He told the forum: “It seems to me the Australian, US and UK governments are prepared to act unethically, and even criminally, when attempting to silence their opposition.”

The theme of Wilkie’s report was the “Politicisation of the public service”. While declaring his “enormous respect” for the public service and his former ONA colleagues in particular, he categorised the situation in the Australian state apparatus as the public service tending “toward compliance when confronted with faulty government decisions and policies or government interference and manipulation”. He assessed this as being primarily due to fear of the consequences of speaking out. Underlying this, Wilkie opined, was a “sense of despair” that public servants felt powerless and unable to influence events.

Wilkie called on the audience “not to accept” political leaders “who see no wrong in routinely misleading” the population. In closing he stated that “there is a real crisis of democracy in Australia... What we need more than ever is ethical men and women in power, people we can trust, people with a real sense of social justice”.

Stephen Hopper

At the start of his contribution, Stephen Hopper noted it was almost two years since Mamdouh Habib had been seized without any charges in Pakistan on October 5, 2001. Habib was then illegally detained and possibly tortured for some five months in Egypt, before being transferred to a US prison in Afghanistan, and ultimately to Guantanamo Bay.

Hopper recounted how the Australian government and media had deliberately distorted the truth about Habib’s arrest in order to portray him as a terrorist. Habib, according to the government, was arrested attempting to cross into Pakistan from Afghanistan. In fact, he was seized 700 kilometres inside Pakistan as he was travelling by bus to catch a flight back to Australia.

Hopper has been blocked from gaining access to information the Australian government has about Habib on the grounds that it “would prejudice national security or relations with a foreign power”. His client is in a legal limbo, as US courts have ruled that the US-controlled military base in Guantanamo Bay is outside their jurisdiction. An appeal is underway to the US Supreme Court.

On several occasions, Hopper referred to what he saw as the parallels between the German Nazi regime’s demonisation of communists and others during the 1930s and the attempt, particularly since September 11, 2001, to portray the Muslim community as a hotbed of potential terrorism. In both cases, the state demanded more powers to “protect” the population. “All of sudden,” Hopper said, “your rights are gone, your whole culture has changed and you’ve got people in jackboots marching into your house and kicking your door down and taking you away because you’ve been engaged in political dissent.”

He told the audience: “It is the obligation of all of us to stand up and prevent that. We’ve got the examples throughout history... when people fail to stand up and speak up, they will be put into a position where they will never be able to speak up again.”

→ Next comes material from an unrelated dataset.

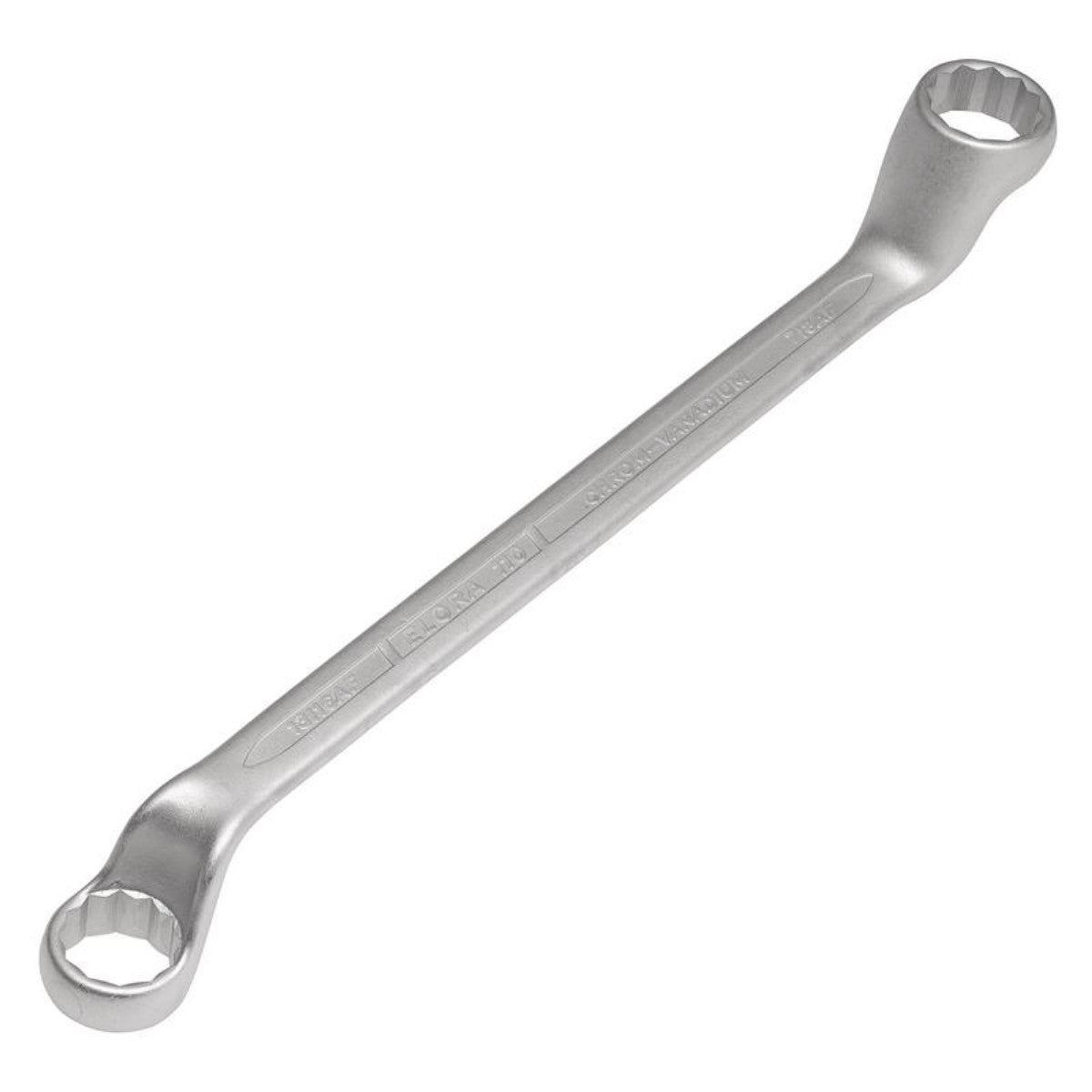 Elora Deep Crank Imperial Ring Spanner, 13/16 x 7/8" 05822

The three presentations were followed by a 40-minute discussion session, during which Head, Wilkie and Hopper answered a number of questions and expanded on their differing views as to how the defence of democratic rights should be developed. The conference continued over October 5 and 6, featuring plenary sessions and workshops on a range of legal and political issues. The Progressive Law Students Network hopes to make the conference an annual event.